I am using a some code to send off just over 160 GET requests asynchronously using curl to my API which is running Nginx with Php-fpm on Ubuntu server 16.04. Each request fetches a different selection of data from the database before returning it as a JSON response. This number of requests is small enough that I believe it should not reach any of the various default limits (number of socket connections, file descriptors etc).
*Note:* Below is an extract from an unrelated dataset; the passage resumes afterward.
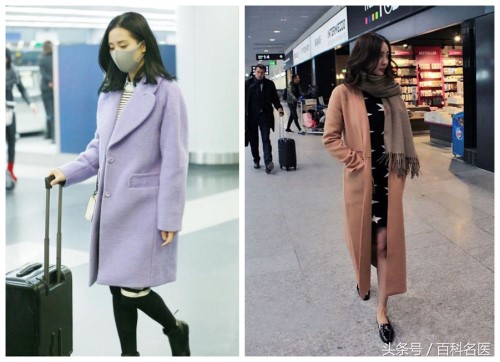 详解女性宫寒的定义和宫寒的症状,中医里宫寒属于什么问题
However the fact that they are all being sent/recieved at the same time appears to be causing issues.

The vast majority of the requests will succeed, but a couple (consistently the same number in sequential tests, but which vary depending on the configuration) will get a "502 Bad Gateway" response.
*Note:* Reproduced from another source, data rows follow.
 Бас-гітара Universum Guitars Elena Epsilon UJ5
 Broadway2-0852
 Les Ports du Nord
If I look at the nginx error log (/var/log/nginx/error.log), I see a these error messages:

2017/11/21 09:46:43 [error] 29#29: *144 connect() to unix:/run/php/php7.0-fpm.sock failed (11: Resource temporarily unavailable) while connecting to upstream, client: 192.168.3.7, server: , request: "GET /1.0/xxx HTTP/1.1", upstream: "fastcgi://unix:/run/php/php7.0-fpm.sock:", host: "my.domain.org"

There are always exactly the same in the number fo the number of "502 Bad Gateway" error messages in the log as I recieve back from the API.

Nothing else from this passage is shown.